▸ **Dataset excerpts**
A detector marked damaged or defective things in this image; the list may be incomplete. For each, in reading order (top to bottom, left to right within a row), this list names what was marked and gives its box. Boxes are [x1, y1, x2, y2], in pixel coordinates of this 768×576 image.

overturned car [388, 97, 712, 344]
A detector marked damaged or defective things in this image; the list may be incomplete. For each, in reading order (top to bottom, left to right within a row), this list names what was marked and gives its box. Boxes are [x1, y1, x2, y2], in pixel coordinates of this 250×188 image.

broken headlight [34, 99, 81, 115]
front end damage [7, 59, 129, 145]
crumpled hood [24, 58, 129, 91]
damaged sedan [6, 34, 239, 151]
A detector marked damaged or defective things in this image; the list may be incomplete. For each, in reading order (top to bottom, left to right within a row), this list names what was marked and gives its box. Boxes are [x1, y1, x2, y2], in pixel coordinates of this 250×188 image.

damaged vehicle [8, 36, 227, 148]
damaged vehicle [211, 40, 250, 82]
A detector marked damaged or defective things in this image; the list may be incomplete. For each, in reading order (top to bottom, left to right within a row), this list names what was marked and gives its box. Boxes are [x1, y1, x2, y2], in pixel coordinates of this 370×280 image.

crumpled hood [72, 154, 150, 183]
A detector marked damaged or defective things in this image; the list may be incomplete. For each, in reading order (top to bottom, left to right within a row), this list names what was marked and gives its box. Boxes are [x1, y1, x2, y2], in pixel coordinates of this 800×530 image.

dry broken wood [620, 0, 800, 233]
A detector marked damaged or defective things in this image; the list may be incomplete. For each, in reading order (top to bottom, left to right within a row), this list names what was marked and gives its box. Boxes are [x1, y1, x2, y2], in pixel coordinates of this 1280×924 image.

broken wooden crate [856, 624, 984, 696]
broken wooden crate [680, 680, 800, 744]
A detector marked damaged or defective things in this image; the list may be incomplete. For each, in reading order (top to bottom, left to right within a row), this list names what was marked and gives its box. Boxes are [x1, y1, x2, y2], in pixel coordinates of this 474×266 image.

▸ **What to produce**
Copy out the entries. Leave every line exactly as it is.

▸ **Answer area**
A detector marked damaged or defective things in this image; the list may be incomplete. For each, in reading order (top to bottom, left to right within a row), this list names what was marked and gives its box. Boxes are [x1, y1, x2, y2], in pixel coordinates of this 768×576 image.

overturned car [388, 97, 712, 344]
A detector marked damaged or defective things in this image; the list may be incomplete. For each, in reading order (top to bottom, left to right within a row), this list names what was marked and gives its box. Boxes are [x1, y1, x2, y2], in pixel coordinates of this 250×188 image.

broken headlight [34, 99, 81, 115]
front end damage [7, 59, 129, 145]
crumpled hood [24, 58, 129, 91]
damaged sedan [6, 34, 239, 151]
A detector marked damaged or defective things in this image; the list may be incomplete. For each, in reading order (top to bottom, left to right within a row), this list names what was marked and gives its box. Boxes are [x1, y1, x2, y2], in pixel coordinates of this 250×188 image.

damaged vehicle [8, 36, 227, 148]
damaged vehicle [211, 40, 250, 82]
A detector marked damaged or defective things in this image; the list may be incomplete. For each, in reading order (top to bottom, left to right within a row), this list names what was marked and gives its box. Boxes are [x1, y1, x2, y2], in pixel coordinates of this 370×280 image.

crumpled hood [72, 154, 150, 183]
A detector marked damaged or defective things in this image; the list may be incomplete. For each, in reading order (top to bottom, left to right within a row), this list names what was marked and gives its box. Boxes are [x1, y1, x2, y2], in pixel coordinates of this 800×530 image.

dry broken wood [620, 0, 800, 233]
A detector marked damaged or defective things in this image; the list may be incomplete. For each, in reading order (top to bottom, left to right within a row), this list names what was marked and gives its box. Boxes are [x1, y1, x2, y2], in pixel coordinates of this 1280×924 image.

broken wooden crate [856, 624, 984, 696]
broken wooden crate [680, 680, 800, 744]
A detector marked damaged or defective things in this image; the list may be incomplete. For each, in reading order (top to bottom, left to right within a row), this list names what was marked and gives its box. Boxes are [x1, y1, x2, y2], in pixel coordinates of this 474×266 image.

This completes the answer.